Ransom is the only known veteran of the War of Independence buried in Kalamazoo. He fought in the Vermont Militia, the Massachusetts Regiment, and in several major battles of the Revolutionary War.
Paula Fenstermaker is the historian of the Kalamazoo chapter of the DAR. She says Ranson was 72 when he came to southwest Michigan but was still very active.
"He didn’t just move in and say, 'This is a nice place to live.' He actually was a founder of the Baptist Church in Kalamazoo and also Kalamazoo College.”
Ransom worked as a farmer when he moved to Kalamazoo and lived at the corner of Park and Academy streets, now known as Bronson Park.

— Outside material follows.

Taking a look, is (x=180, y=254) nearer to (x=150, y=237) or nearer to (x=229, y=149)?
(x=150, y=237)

A marker for Major Ezekiel Ransom was installed in 1907 in Kalamazoo's Mountain Home Cemetery. But Fenstermaker says it later disappeared.
“We can’t find anything that happened to it. We can’t find any articles of what it looked like. So we’ve got a new marker to be dedicated. Looking at this (his headstone) you would never know he was a patriot and the work and what he did in the Revolution.”
Kalamazoo DAR spokeswoman Karen Woodworth says the event is part of the group's work to preserve history.
“The Daughters of the American Revolution is a non-profit, non-political volunteer woman’s service organization. We are open to any woman 18 years or older, regardless of race, religion, or ethnic background, who can prove lineal decent from a patriot of the American Revolution. And that’s more women than you might think, and we can offer genealogy help.”
The new marker for Ezekiel Ransom will be officially unveiled during the rededication ceremony Sunday, June 9, at 2:30 near West Main Street.